Measles cases have risen by nearly 80% worldwide this year, the UN said on Wednesday, warning that the rise in ‘canary in a coal mine’ disease indicates outbreaks of other diseases are on the way. probable.
The coronavirus pandemic has halted vaccination campaigns against diseases other than Covid around the world, creating a “perfect storm” that could put the lives of millions of children at risk, the UN health agency has said. childhood UNICEF and the World Health Organization in a press release.
More than 17,300 measles cases were reported worldwide in January and February, up from around 9,600 in those months last year, according to new data from United Nations agencies.
There were 21 large and disruptive measles outbreaks in the past 12 months to April, most in Africa and the eastern Mediterranean, the data showed.
Christopher Gregory, senior health adviser in UNICEF’s immunization section, told AFP that since measles is the “most contagious vaccine-preventable disease”, it often serves as a wake-up call.
“Measles is what we call the tracer, or the canary in the coal mine, that really shows us where these weaknesses in the immunization system are,” he said.

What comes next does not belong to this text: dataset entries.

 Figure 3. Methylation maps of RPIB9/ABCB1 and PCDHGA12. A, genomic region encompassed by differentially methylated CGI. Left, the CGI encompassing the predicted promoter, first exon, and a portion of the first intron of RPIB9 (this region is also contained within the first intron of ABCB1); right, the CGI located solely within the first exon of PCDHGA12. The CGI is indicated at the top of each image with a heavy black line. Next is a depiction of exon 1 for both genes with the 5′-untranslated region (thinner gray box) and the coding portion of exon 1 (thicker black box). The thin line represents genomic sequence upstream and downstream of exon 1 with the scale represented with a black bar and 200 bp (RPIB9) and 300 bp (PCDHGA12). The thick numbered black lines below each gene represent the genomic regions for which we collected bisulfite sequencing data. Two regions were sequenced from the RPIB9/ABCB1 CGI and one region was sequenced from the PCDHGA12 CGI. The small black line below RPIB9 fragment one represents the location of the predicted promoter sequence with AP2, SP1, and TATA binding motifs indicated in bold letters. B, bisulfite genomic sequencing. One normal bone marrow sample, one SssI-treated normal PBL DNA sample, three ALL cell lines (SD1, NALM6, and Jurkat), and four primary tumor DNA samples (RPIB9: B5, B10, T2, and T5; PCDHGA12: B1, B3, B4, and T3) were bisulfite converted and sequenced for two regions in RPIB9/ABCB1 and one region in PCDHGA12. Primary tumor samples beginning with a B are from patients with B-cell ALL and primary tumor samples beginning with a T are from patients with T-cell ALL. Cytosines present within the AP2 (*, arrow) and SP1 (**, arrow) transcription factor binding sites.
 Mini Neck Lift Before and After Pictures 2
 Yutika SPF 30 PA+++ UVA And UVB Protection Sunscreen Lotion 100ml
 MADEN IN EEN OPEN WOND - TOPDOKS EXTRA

He said yellow fever was among the diseases that could rise next, after increasing cases were reported in West Africa.
“We are particularly worried about the most fragile countries, where the health systems are already very much in trouble, where they are still trying to cope with the impacts of Covid on top of these epidemics,” he said.

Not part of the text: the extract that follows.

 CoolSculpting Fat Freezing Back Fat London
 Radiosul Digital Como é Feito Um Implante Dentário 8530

Somalia has recorded by far the highest number of measles cases in the past 12 months with more than 9,000, according to UN data, followed by Yemen, Afghanistan, Nigeria and Ethiopia – all countries struggling with some form of conflict.
There are also fears that the war in Ukraine could trigger a resurgence in the country after recording the highest measles rate in Europe between 2017 and 2019.
Gregory said it had been very difficult to track illness in Ukraine since the start of the war, adding that the biggest concern was “what we might miss”.
Impact “felt for decades”More than 23 million children missed routine vaccinations in 2020 as the Covid pandemic waned, the highest number in more than a decade.
UN agencies said 57 vaccination campaigns in 43 countries postponed at the start of the pandemic had still not been completed, reaching 203 million people – mostly children.
Covid also continues to put pressure on healthcare facilities and draw staff and attention away from vaccination for long-standing killer diseases.
“The impact of these interruptions to immunization services will be felt for decades,” WHO chief Tedros Adhanom Ghebreyesus said in the statement.
“Now is the time to get essential vaccination back on track and launch catch-up campaigns so that everyone can have access to these life-saving vaccines.”
Gregory said it was time to put childhood vaccination “at least on the same level of priority as ending Covid vaccination”.
Measles is a disease caused by a virus that mainly attacks children. The most serious complications include blindness, brain swelling, diarrhea and serious respiratory infections.
A vaccination rate of at least 95% is the best way to prevent its spread, although many countries are far from reaching this target – Somalia is only at 46%, according to data from the UN.